Arthritis Rheum 2006 Jan;54(1):54-9
Robert B. Brigham Atthritis and Musculoskeletal Diseases Clinical Research Center, Brigham & Women's Hospital, Harvard Medical School, 75 Francis Street, Boston, MA 02115, USA.
Objective: To compare the effectiveness of 3 therapeutic strategies in preventing progressive joint damage, in a population-based cohort. The 3 strategies were infliximab with concomitant disease-modifying antirheumatic drugs (DMARDs), etanercept with concomitant DMARDs, and etanercept alone.
Methods: We used sequential radiographs to assess all patients who were treated with infliximab or etanercept for >10 months. The rates of erosion progression and joint space narrowing (JSN) were analyzed using multivariate regression models for longitudinal data, with adjustment for potential confounders.

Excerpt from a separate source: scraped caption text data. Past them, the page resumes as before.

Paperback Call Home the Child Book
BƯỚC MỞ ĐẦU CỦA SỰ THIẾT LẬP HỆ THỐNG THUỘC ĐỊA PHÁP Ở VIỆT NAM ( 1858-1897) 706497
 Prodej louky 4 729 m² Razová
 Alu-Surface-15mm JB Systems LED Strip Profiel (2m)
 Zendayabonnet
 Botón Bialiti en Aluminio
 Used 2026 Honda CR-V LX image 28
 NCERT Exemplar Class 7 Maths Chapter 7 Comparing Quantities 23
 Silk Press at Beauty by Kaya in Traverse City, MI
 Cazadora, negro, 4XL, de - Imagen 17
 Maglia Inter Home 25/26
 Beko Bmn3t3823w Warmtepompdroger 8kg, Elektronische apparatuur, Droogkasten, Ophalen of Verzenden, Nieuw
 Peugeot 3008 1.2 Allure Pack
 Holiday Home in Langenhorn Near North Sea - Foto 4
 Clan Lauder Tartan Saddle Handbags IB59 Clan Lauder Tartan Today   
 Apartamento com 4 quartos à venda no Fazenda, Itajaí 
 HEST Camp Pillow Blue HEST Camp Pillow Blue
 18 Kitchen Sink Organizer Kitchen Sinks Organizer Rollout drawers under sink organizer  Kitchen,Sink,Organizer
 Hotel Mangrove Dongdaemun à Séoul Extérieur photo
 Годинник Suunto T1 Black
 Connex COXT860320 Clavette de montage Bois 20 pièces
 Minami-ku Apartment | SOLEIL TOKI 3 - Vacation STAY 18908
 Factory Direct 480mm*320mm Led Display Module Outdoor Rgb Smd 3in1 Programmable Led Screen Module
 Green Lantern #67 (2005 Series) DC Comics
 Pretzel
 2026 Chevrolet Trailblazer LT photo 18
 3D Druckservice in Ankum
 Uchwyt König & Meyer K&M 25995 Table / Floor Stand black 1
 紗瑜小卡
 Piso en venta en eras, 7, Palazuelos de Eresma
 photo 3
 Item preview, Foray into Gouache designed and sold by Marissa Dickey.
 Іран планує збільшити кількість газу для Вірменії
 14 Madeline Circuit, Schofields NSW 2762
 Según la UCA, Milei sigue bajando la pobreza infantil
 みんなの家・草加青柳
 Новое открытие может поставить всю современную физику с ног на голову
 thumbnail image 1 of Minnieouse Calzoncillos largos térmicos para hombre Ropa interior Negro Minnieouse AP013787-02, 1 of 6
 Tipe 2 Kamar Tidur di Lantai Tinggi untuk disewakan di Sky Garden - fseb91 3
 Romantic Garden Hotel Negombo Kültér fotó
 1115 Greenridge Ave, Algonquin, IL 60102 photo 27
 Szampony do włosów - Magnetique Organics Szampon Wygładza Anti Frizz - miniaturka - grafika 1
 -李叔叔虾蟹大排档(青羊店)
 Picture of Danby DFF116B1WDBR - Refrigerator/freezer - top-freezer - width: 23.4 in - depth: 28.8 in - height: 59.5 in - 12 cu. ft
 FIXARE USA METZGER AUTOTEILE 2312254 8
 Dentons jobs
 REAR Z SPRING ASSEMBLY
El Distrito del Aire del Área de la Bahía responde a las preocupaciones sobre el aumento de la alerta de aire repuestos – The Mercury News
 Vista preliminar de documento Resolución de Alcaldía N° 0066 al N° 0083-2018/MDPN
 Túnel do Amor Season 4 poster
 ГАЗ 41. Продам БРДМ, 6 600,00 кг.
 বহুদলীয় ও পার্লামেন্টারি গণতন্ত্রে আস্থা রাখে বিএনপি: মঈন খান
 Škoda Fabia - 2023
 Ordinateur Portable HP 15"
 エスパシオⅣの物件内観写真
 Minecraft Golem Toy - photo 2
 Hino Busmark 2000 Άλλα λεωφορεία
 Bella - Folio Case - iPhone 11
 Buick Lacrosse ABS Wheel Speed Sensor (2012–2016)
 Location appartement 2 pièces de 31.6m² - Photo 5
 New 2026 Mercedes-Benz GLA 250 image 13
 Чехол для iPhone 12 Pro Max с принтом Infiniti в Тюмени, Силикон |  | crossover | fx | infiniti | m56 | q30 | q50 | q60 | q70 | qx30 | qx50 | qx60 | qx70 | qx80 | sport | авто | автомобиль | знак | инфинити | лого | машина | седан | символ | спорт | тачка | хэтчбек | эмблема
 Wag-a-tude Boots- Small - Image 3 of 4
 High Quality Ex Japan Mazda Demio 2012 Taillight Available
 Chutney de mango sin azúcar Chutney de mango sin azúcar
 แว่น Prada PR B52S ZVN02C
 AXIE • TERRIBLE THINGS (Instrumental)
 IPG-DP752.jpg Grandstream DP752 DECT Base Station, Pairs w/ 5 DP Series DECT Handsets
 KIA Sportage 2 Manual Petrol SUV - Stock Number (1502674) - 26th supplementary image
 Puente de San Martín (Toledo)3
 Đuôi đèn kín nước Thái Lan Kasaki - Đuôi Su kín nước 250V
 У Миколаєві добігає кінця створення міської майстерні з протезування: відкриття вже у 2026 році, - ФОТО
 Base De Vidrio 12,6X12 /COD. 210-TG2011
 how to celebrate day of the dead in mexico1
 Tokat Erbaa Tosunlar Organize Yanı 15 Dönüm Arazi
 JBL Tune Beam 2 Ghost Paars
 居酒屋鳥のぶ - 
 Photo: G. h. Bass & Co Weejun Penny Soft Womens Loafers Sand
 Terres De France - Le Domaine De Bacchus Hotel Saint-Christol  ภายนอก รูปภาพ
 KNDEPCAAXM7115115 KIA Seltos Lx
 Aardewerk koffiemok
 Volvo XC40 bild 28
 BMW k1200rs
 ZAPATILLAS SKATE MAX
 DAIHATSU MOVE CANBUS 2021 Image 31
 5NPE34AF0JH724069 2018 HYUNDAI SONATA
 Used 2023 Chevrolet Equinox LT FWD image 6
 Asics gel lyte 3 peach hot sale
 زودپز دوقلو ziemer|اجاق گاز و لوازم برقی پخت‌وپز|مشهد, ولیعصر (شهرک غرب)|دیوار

Results: A total of 372 patients treated with anti-tumor necrosis factor (TNF) therapies met the inclusion criteria. The baseline characteristics of the patients assigned to the 3 strategies were not significantly different, except that, as expected, more patients were receiving combination therapy with infliximab. The combination of infliximab plus DMARDs was significantly more effective than etanercept alone for controlling erosion progression (P < 0.001), but the effectiveness of the 2 combination-treatment strategies was similar (P = 0.07). The combination of infliximab plus DMARDs was also more effective at controlling progressive JSN compared with etanercept alone (P = 0.04) or etanercept plus DMARDs (P = 0.02). Treatment with anti-TNF agents (infliximab or etanercept) plus concomitant DMARDs was more effective than treatment with etanercept alone for controlling erosion progression (P = 0.045).
Conclusion: When combined with traditional DMARDs, both etanercept and infliximab appear to offer similar protection against progressive structural joint damage, and combination therapy with either of these agents appears to be more effective than treatment with etanercept alone.